| WORK REQUEST |
Please repeat the data below exactly, with the pictures removed.

| SOURCE DATA |
↓

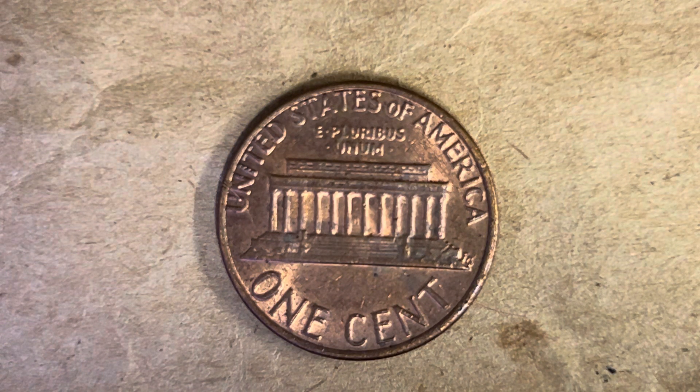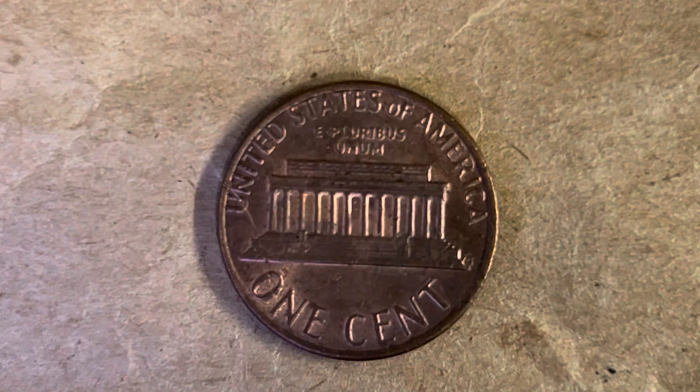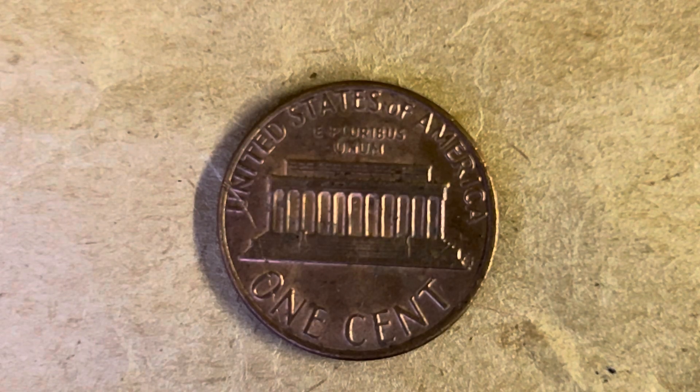As we enjoy the tail side of this beautiful coin together, we see UNITED STATES OF AMERICA going across the top, E PLURIBUS UNUM, the Lincoln Memorial, and ONE CENT. This coin will never drop below the value of one cent.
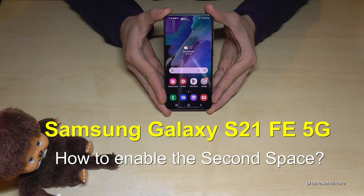Hello everybody. I want to show you with this video how you can enable a second space at the Samsung Galaxy S21 FE 5G.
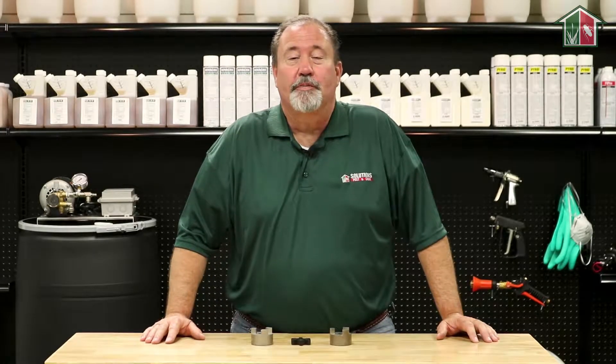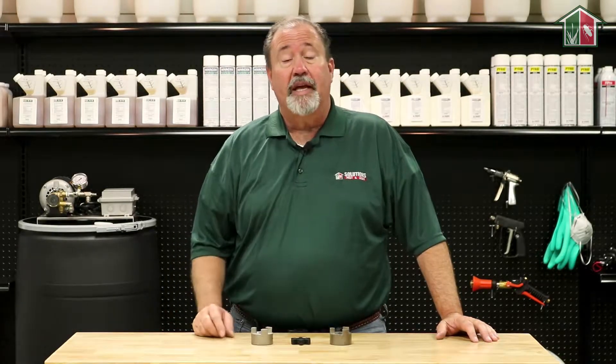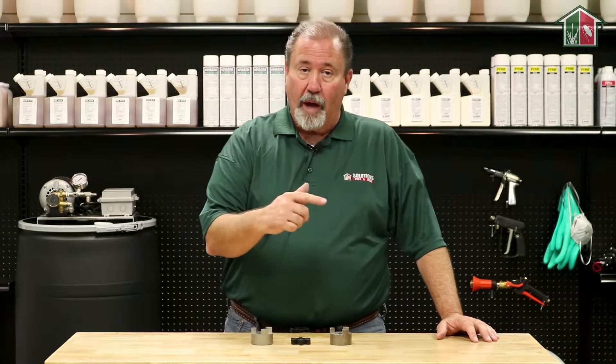Hi, I'm Keith McCoy with Solutions Pest and Lime. The Lovejoy coupler is a part on your spray rig that connects the engine to the pump.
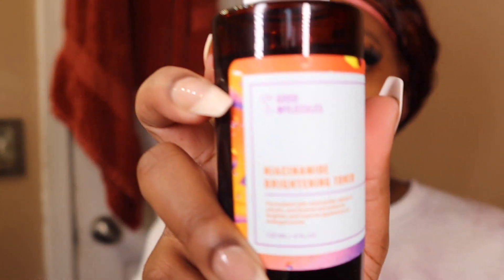Next I'm going to do a toner on my face, and I'm using the Niacinamide Brayton toner. And y'all, I'm using clean hands for all of this.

↑

| ANSWER SECTION |
As we enjoy the tail side of this beautiful coin together, we see UNITED STATES OF AMERICA going across the top, E PLURIBUS UNUM, the Lincoln Memorial, and ONE CENT. This coin will never drop below the value of one cent.
Hello everybody. I want to show you with this video how you can enable a second space at the Samsung Galaxy S21 FE 5G.
Hi, I'm Keith McCoy with Solutions Pest and Lime. The Lovejoy coupler is a part on your spray rig that connects the engine to the pump.
Next I'm going to do a toner on my face, and I'm using the Niacinamide Brayton toner. And y'all, I'm using clean hands for all of this.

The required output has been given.